Rizzo M.L., Szekely G.L. (2010). Disco analysis: A nonparametric extension of analysis of variance. The Annals of Applied Statistics.
Examples
set.seed(400)
x1 = matrix(c(rnorm(50),rnorm(50,3)))
y1 = e.cp3o(Z=x1, K=2, minsize=30, alpha=1, verbose=FALSE)
#View estimated change point locations
y1$estimates
CHANGE POINTS ESTIMATION BY PRUNED OBJECTIVE (VIA E-STATISTIC)
Description
An algorithm for multiple change point analysis that uses dynamic programming and pruning. The E-statistic is used as the goodness-of-fit measure.
Usage
e.cp3o_delta(Z, K=1, delta=29, alpha=1, verbose=FALSE)
Arguments
Z |
A T x d matrix containing the length T time series with d-dimensional observations. |
K |
The maximum number of change points. |
delta |
The window size used to calculate the calculate the complete portion of our approximate test statistic. This also corresponds to one less than the minimum segment size. |
alpha |
The moment index used for determining the distance between and within segments. |
verbose |
A flag indicating if status updates should be printed. |
Details
Segmentations are found through the use of dynamic programming and pruning. Between-segment distances are calculated only using points within a window of the segmentation point. The computational complexity of this method is O(KT^2), where K is the maximum number of change points, and T is the number of observations.
Value
The returned value is a list with the following components.
number |
The estimated number of change points. |
estimates |
The location of the change points estimated by the procedure. |
gofM |
A vector of goodness of fit values for differing number of change points. The first entry corresponds to when there is only a single change point, the second for when there are two, and so on. |
cpLoc |
The list of locations of change points estimated by the procedure for different numbers of change points up to K. |
time |
The total amount to time take to estimate the change point locations. |
Author(s)
Nicholas A. James, Wenyu Zhang
References
W. Zhang, N. A. James and D. S. Matteson, "Pruning and Nonparametric Multiple Change Point Detection," 2017 IEEE International Conference on Data Mining Workshops (ICDMW), New Orleans, LA, 2017, pp. 288-295.
See Also
Rizzo M.L., Szekely G.L (2005). Hierarchical clustering via joint between-within distances: Extending ward's minimum variance method. Journal of Classification.
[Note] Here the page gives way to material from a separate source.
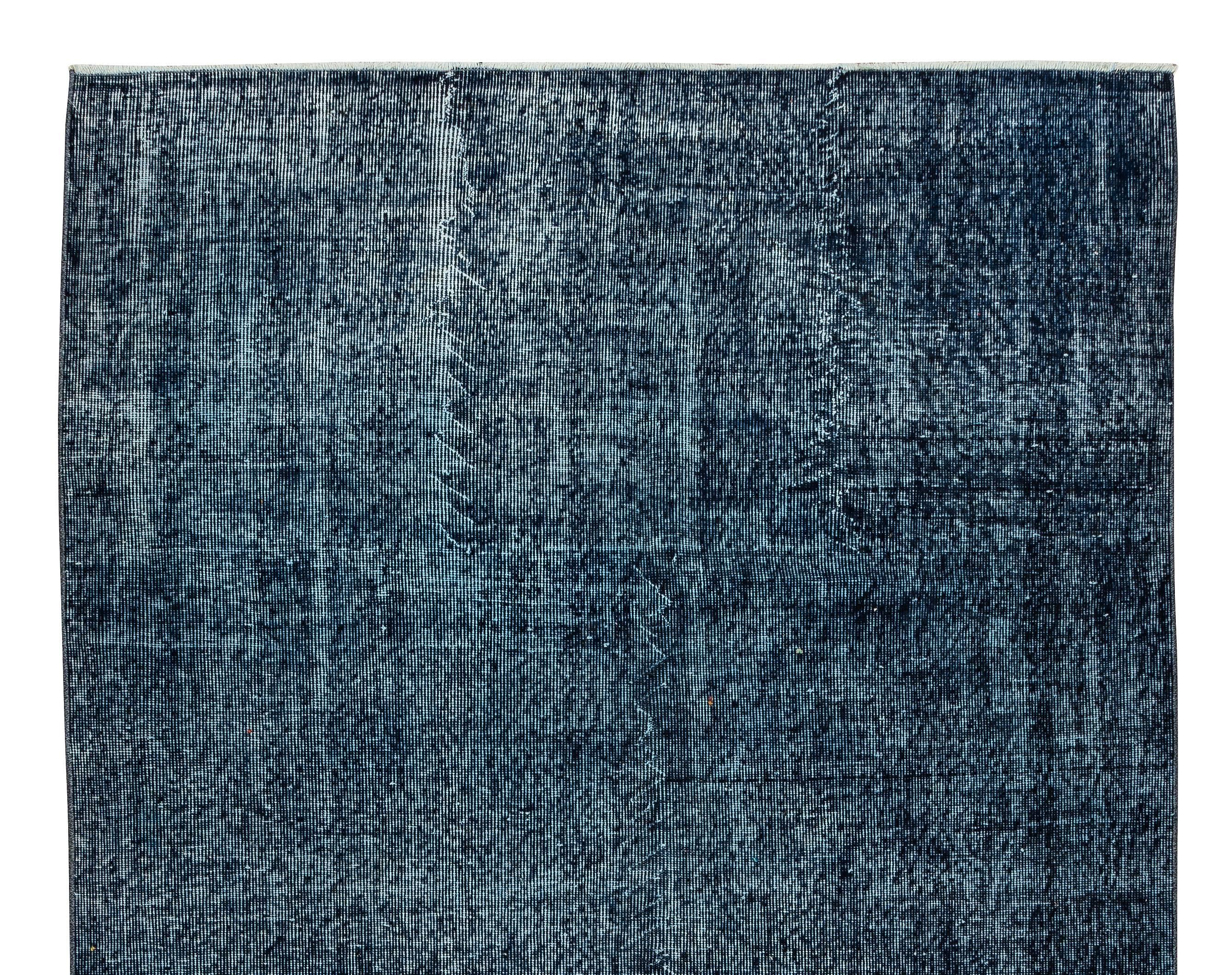 5.6x8.8 Ft Marineblauer Over-Dyed-Teppich, handgeknüpfter türkischer Wollteppich (Türkisch) im Angebot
Rizzo M.L., Szekely G.L. (2010). Disco analysis: A nonparametric extension of analysis of variance. The Annals of Applied Statistics.
Examples
set.seed(400)
x1 = matrix(c(rnorm(100),rnorm(100,3),rnorm(100,0,2)))
y1 = e.cp3o_delta(Z=x1, K=7, delta=29, alpha=1, verbose=FALSE)
#View estimated change point locations
y1$estimates
ENERGY DIVISIVE
Description
A divisive hierarchical estimation algorithm for multiple change point analysis.
Usage
e.divisive(X, sig.lvl=.05, R=199, k=NULL, min.size=30, alpha=1)
Arguments
X |
A T x d matrix containing the length T time series with d-dimensional observations. |
sig.lvl |
The level at which to sequentially test if a proposed change point is statistically significant. |
R |
The maximum number of random permutations to use in each iteration of the permutation test. The permutation test p-value is calculated using the method outlined in Gandy (2009). |
k |
Number of change point locations to estimate, suppressing permutation based testing. If k=NULL then only the statistically significant estimated change points are returned. |
min.size |
Minimum number of observations between change points. |
alpha |
The moment index used for determining the distance between and within segments. |
Details
Segments are found through the use of a binary bisection method and a permutation test. The computational complexity of this method is O(kT^2), where k is the number of estimated change points, and T is the number of observations.
Value
The returned value is a list with the following components.
k.hat |
The number of clusters within the data created by the change points. |
order.found |
The order in which the change points were estimated. |
estimates |
Locations of the statistically significant change points. |
considered.last |
Location of the last change point, that was not found to be statistically significant at the given significance level. |
permutations |
The number of permutations performed by each of the sequential permutation test. |
cluster |
The estimated cluster membership vector. |
p.values |
Approximate p-values estimated from each permutation test. |
Author(s)
Nicholas A. James
References
Matteson D.S., James N.A. (2013). A Nonparametric Approach for Multiple Change Point Analysis of Multivariate Data.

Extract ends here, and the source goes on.